Markov chain Monte Carlo sampling

Taken from coursework for ECE 7751: Graphical Models in Machine Learning, taught by Faramarz Fekri at Georgia Tech, Spring 2023

Inverse CDF sampling

A simple sampling method adopted by many of the standard math libraries is the inverse probability transform: draw $u \sim \text{Unif}(0, 1)$, then draw $x\sim F^{-1}(u)$, where $F^{-1}$ is the inverse of the CDF $F$. Show that $x$ is distributed according to $F$. What is the drawback of this method?


We let $U$ represent the uniform random variable and start with the fact that $$p(U \leq u) = u$$

Showing that $x$ is distributed according to $F$ can be done by showing that $F(x) = p(F^{-1}(U) \leq x)$.


$$ \newcommand{\EE}{\mathbb{E}} \newcommand{\ind}{\mathbb{1}} \newcommand{\answertext}[1]{\textcolor{Green}{\fbox{#1}}} \newcommand{\answer}[1]{\answertext{$#1$}} \newcommand{\argmax}[1]{\underset{#1}{\operatorname{argmax}}} \newcommand{\argmin}[1]{\underset{#1}{\operatorname{argmin}}} \newcommand{\comment}[1]{\textcolor{gray}{\textrm{#1}}} \newcommand{\vec}[1]{\mathbf{#1}} \newcommand{\inv}[1]{\frac{1}{#1}} \newcommand{\abs}[1]{\lvert{#1}\rvert} \newcommand{\norm}[1]{\lVert{#1}\rVert} \newcommand{\lr}[1]{\left(#1\right)} \newcommand{\lrb}[1]{\left[#1\right]} \newcommand{\lrbr}[1]{\lbrace#1\rbrace} \newcommand{\Bx}[0]{\mathbf{x}} \begin{aligned} &p(F^{-1}(U) \leq x) \\ =& p(U \leq F(x)) \\ =& \color{Green}F(x) & \color{gray}\textsf{because } p(U\leq u) = u \\ & & \blacksquare \\ \end{aligned} $$

And we’re done.

The drawback is that we do not always have the inverse CDF in an analytically tractable form; hence, the need for methods like Markov chain Monte Carlo (MCMC).

Combining multiple stationary distributions

Show that if both transition kernels $K_1$ and $K_2$ have $p(\cdot)$ as stationary density, so do $K_1 K_2$ and $\lambda K_1 + (1-\lambda) K_2$. In practice, the former corresponds to sampling from $K_1$ and $K_2$ cyclically and the latter draws either $K_1$ with probability $\lambda$ or $K_2$ otherwise.
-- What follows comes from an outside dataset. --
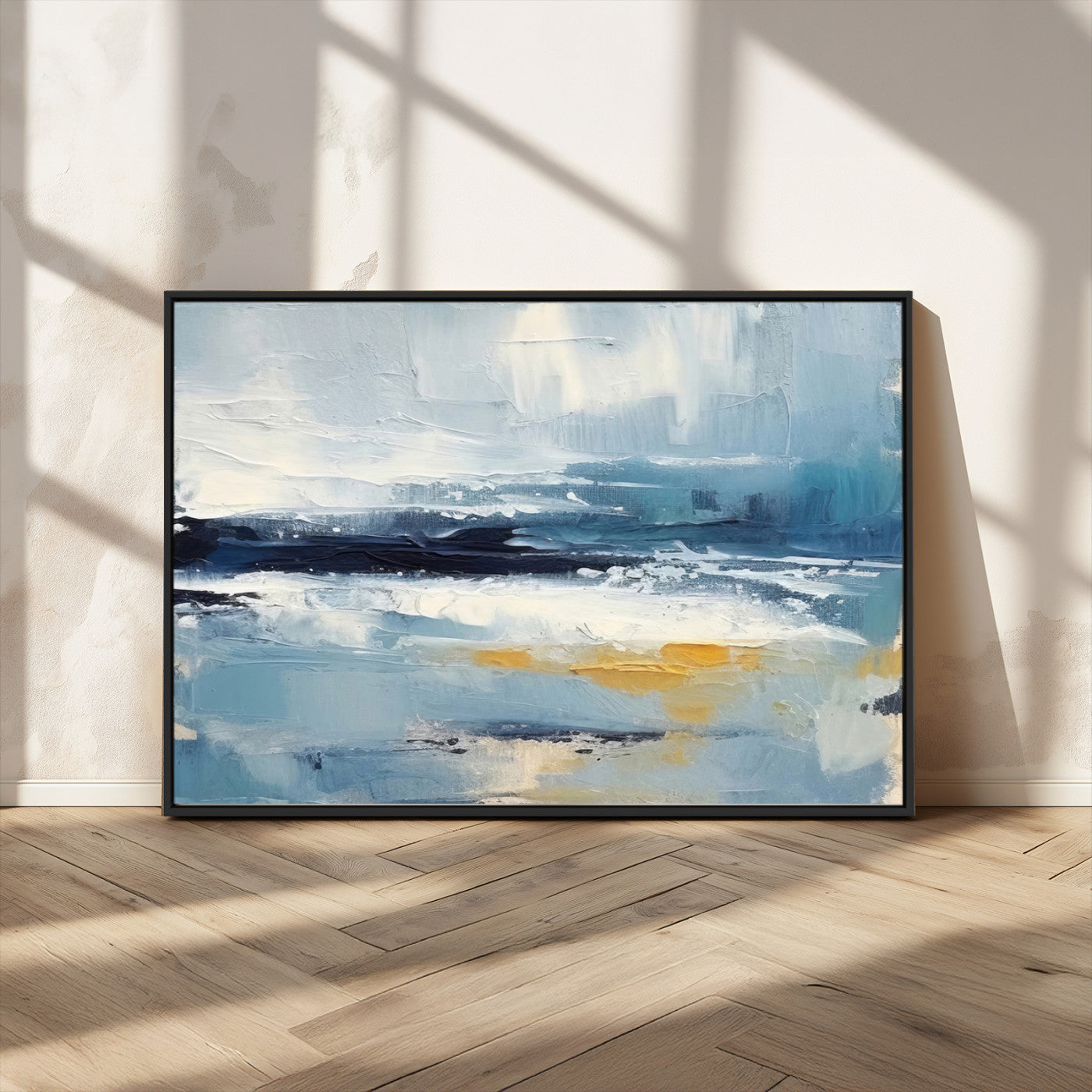 19746-MGV-CV-36X24-Abstract Ocean Wall Art – Modern Coastal Canvas Print with Blue, White and Gold Textures, Contemporary Seascape Painting for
Although it is not required to show, extension to more than two kernels should be straightforward.

In the continuous case, the cyclic kernel can be defined as composition of functions:

$$ \left(K_1 \circ K_2\right)(z|x)=\int K_2(y|x) K_1(z|y) \mathrm{d} y $$


Cyclic sampling


We let $\pi$ be the vector of probabilities of the stationary distribution and $K$ a matrix where $K_{ji}$ represents the transition probability from $x_i$ to $x_j$.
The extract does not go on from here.